Abstract
Originality-Significance Statement This research is original in providing an initial, geographically wide-ranging characterization of microbial communities of the Great Lakes coastal wetlands, an understudied system of wetlands directly bordering the North American Laurentian Great Lakes. Relationships between microbial communities within coastal wetland soils and geochemistry highlighted that anthropogenic impacts may be significantly influencing microbial community structure, as well as unique subnetworks of microbial taxa. Negative anthropogenic impacts to these coastal wetland communities could influence natural biogeochemical cycles which occur within coastal wetland soils, and by extension would directly influence the Great Lakes themselves.
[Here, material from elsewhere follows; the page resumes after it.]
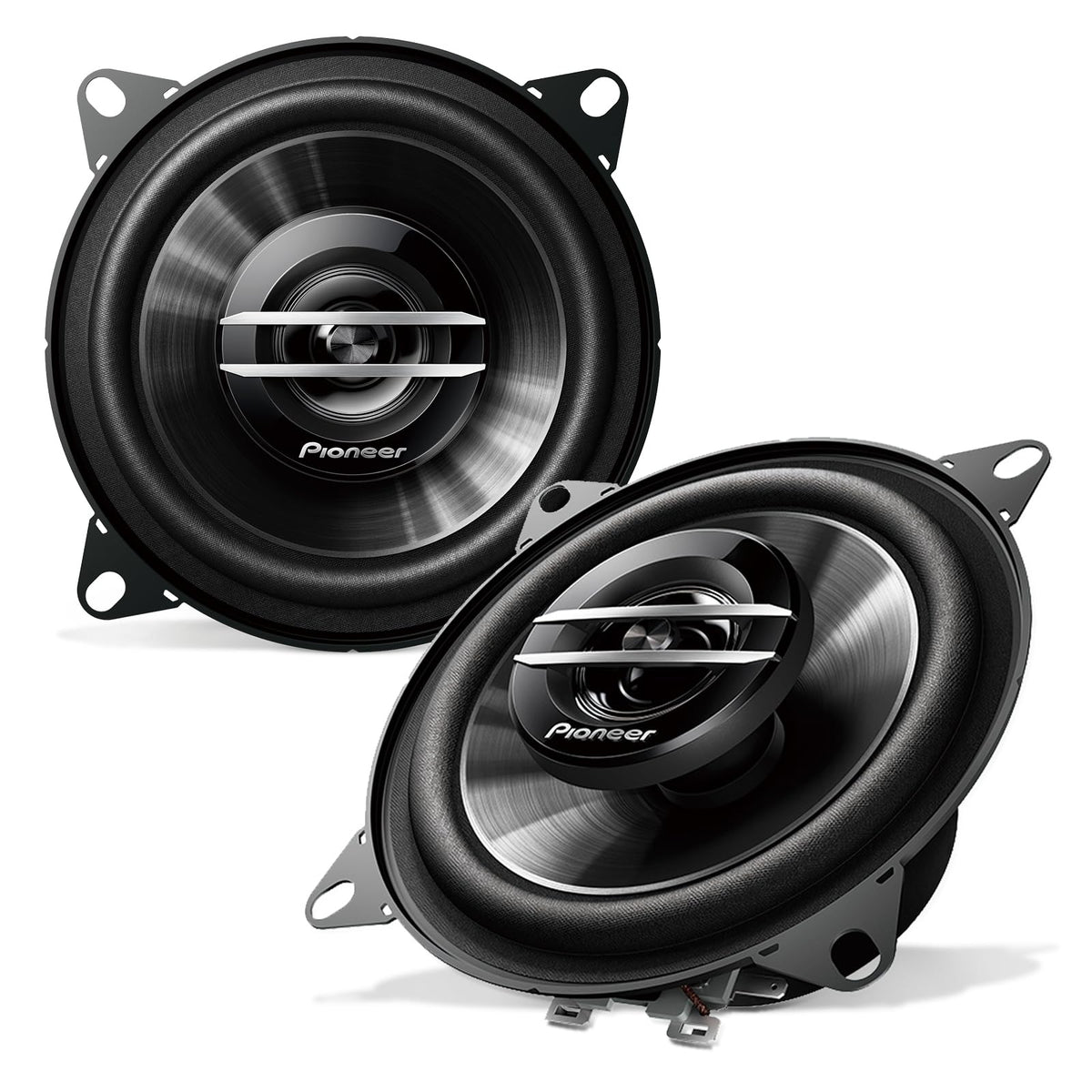 PIONEER TS-G1020S front view showing grille and driver for improved clarity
Summary Microbial communities within the soil of Great Lakes coastal wetlands drive biogeochemical cycles and provide several other ecosystems services. However, there exists a lack of understanding of how microbial communities respond to nutrient gradients and human activity in these systems. This research sought to address this lack of understanding through exploration of microbial community diversity and networks among coastal wetlands throughout the Great Lakes. Significant differences in microbial community structure were illuminated between Lake Erie and all other wetlands, and chemical and biological structure did not vary within Lake Erie with increasing soil depth. Beyond this, alpha diversity levels were highest within Lake Erie coastal wetlands. These diversity differences coincided with higher nutrient levels within the Lake Erie region. Site-to-site variability existed within Lake Erie, East and North Saginaw Bay regions, suggesting site-scale heterogeneity may impact microbial community structure. Several subnetworks of microbial communities and individual OTUs were related to chemical gradients among wetland regions, revealing several candidate indicator communities and taxa which may be useful for Great Lakes coastal wetland management. This research provides an initial characterization of microbial communities among Great Lakes coastal wetlands, and demonstrates that microbial communities could be negatively impacted by anthropogenic activities.